Bei mächtigen Zaubern ist es in der Erzählung oft so - von Dr. Strange bis Hermine Granger -, dass sie praktischerweise immer wieder 'vergessen', dass sie die jetzige Situation durchaus mit einem Zauberspruch lösen könnten, dessen Kenntnis sie in der Vergangenheit schon demonstriert haben. Die Regeln, wann der Zauberer seine Magie herbeirufen kann oder nicht, wird ja oft nicht mal richtig transparent gemacht: Er tut es, wenn es dem Plot dient, und lässt es, wenn es dem Plot schaden würde.

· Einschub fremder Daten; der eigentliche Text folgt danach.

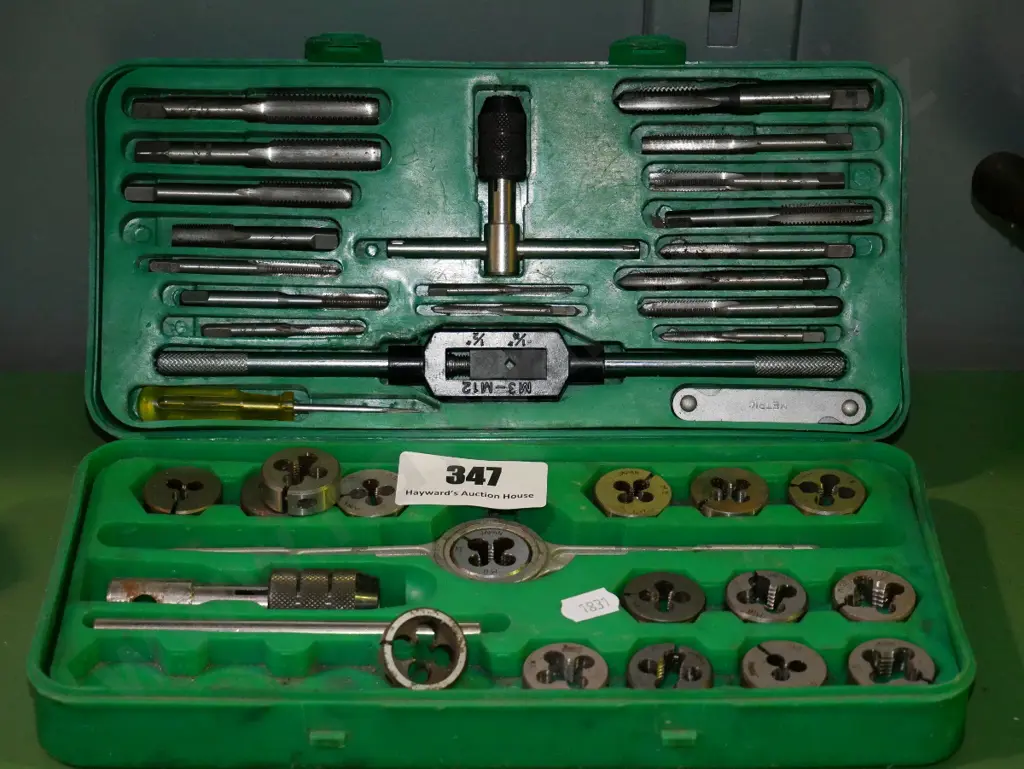 small plastic cased tap and die set Image 1++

Ein D&D-Spieler hat diese Beschränkung nicht, er kann seinen besten Zauber immer wieder casten - zumindest solange, bis die Batterie leer ist.

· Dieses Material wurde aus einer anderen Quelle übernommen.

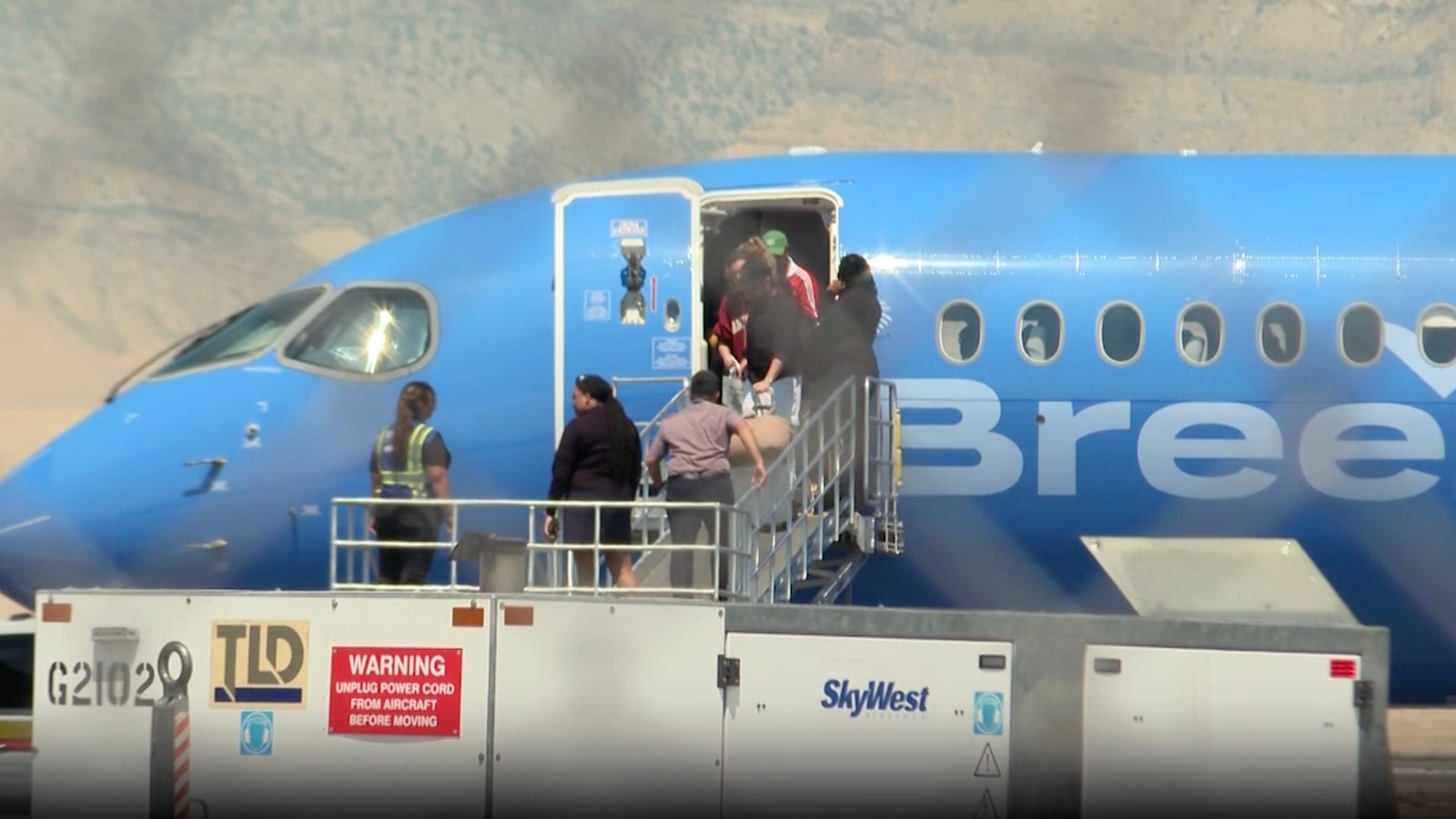 breeze-airways-flight-diversion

Es gibt auch andere Methoden, innerhalb einer Erzählung die eigentlich mächtigeren Charaktere zu zügeln: Sie werden ausgeknockt, von Dämonen besessen, stolpern von einem antimagischen Feld in eine Dämpfungszone, brauchen zu lange, oder der Hauptfeind ist immun gerade gegen das, was man selbst gerade anwenden wollte.

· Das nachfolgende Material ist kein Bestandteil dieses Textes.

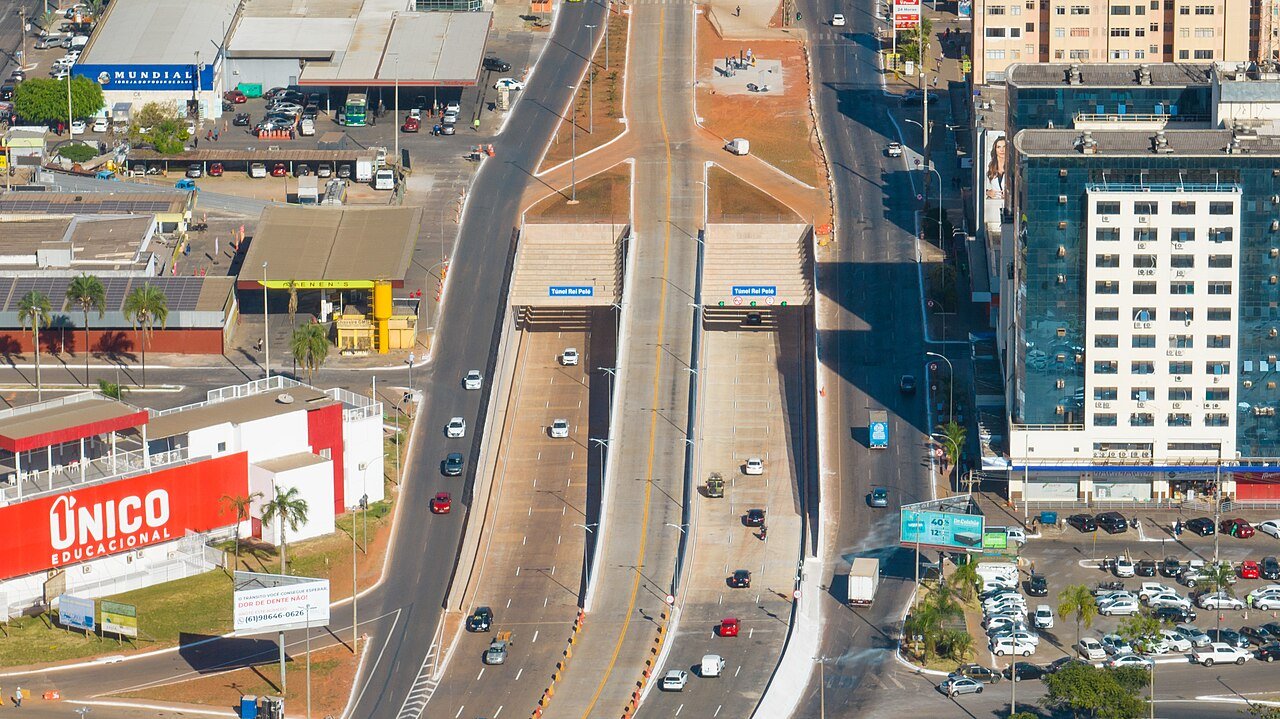 Vista aérea de avenida no centro de Taguatinga, no Distrito Federal, com comércio e trânsito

Solche Beschränkungen sind bei D&D - anders als zB bei Fate - ins System nicht fest eingebaut. Es scheint, als muss dann der SL diese Rolle übernehmen (und stillschweigend wird wohl davon ausgegangen, dass dies seine Aufgabe sein soll), ohne dass es feste Regeln dafür gegen würde.
Wormys_Queue:
--- Zitat von: Thandbar am 14.11.2015 | 23:53 ---Das Problem mit der Legitimation des Ungleichgewichts durch Literatur und Film finde ich insofern problematisch, als D&D halt nicht wie eine Erzählung funktioniert, sondern wirklich ein Spiel ist und nur wenig "narrative" Regeln hat.
--- Ende Zitat ---
Hat jetzt nichts direkt mit dem Thema zu tun, aber deswegen mag ich D&D so sehr, weil es mir in dem Bereich, den ich selber kann, nur wenig vorschreibt (und in anderen Bereichen die Hilfe bietet, die ich benötige).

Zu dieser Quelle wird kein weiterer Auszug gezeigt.